BRENT: Astronomers have used the European Southern Observatory’s VISTA telescope to discover hundreds of previously undetected massive galaxies. The findings are localized to a small patch of sky, and their discovery provides clues as to when such objects first emerged in the early Universe.
While any given patch of sky plays host to countless galaxies, they become much more difficult to detect the more distant they are, appearing fainter and often obscured by foreground objects. Massive galaxies – which are a minimum of 50 billion times the mass of the Sun – are some of the brightest such objects (and therefore some of the easiest to spot when they’re close to home), they become far less common the deeper you peer into the early Universe.
The new research picks out hundreds of previously unidentified distant galaxies by analyzing VISTA telescope near-infrared wavelength imagery. Making observations in this wavelength allows astronomers to see through obscuring clouds of dust that hide distant objects from view in visible light observations.
All 574 galaxies are located in a single patch of sky that appears around four times the size of a full Moon – a region VISTA has been focused on for some six years. Those images were combined with data recorded by NASA’s Spitzer Space Telescope, which works with mid-infrared wavelengths.
The discoveries represent the largest ever sample of massive galaxies in the early Universe.
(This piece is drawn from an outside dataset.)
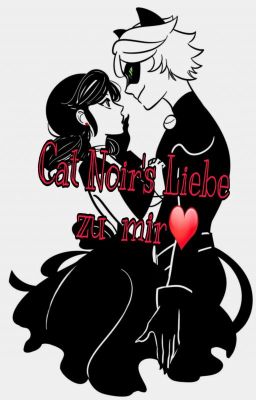 Cat Noir's liebe zu mir.( Pausiert)}Vortzezung Folgt{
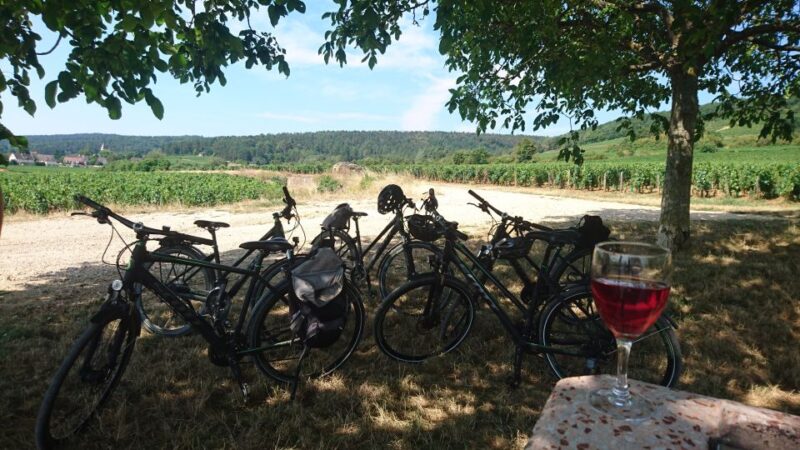Dijon: Half-Day Guided Gourmet Bike Tour - Wine Tasting Experience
Studying them is helping scientists pinpoint when the first ever massive galaxies appeared.
The findings reveal a huge growth in the number of these objects in a short period of time, with a large number of the massive galaxies having already formed as little as three billion years after the Big Bang, a full 11 billion years ago. Furthermore, no evidence was found of such galaxies existing earlier than one billion years after the Big Bang.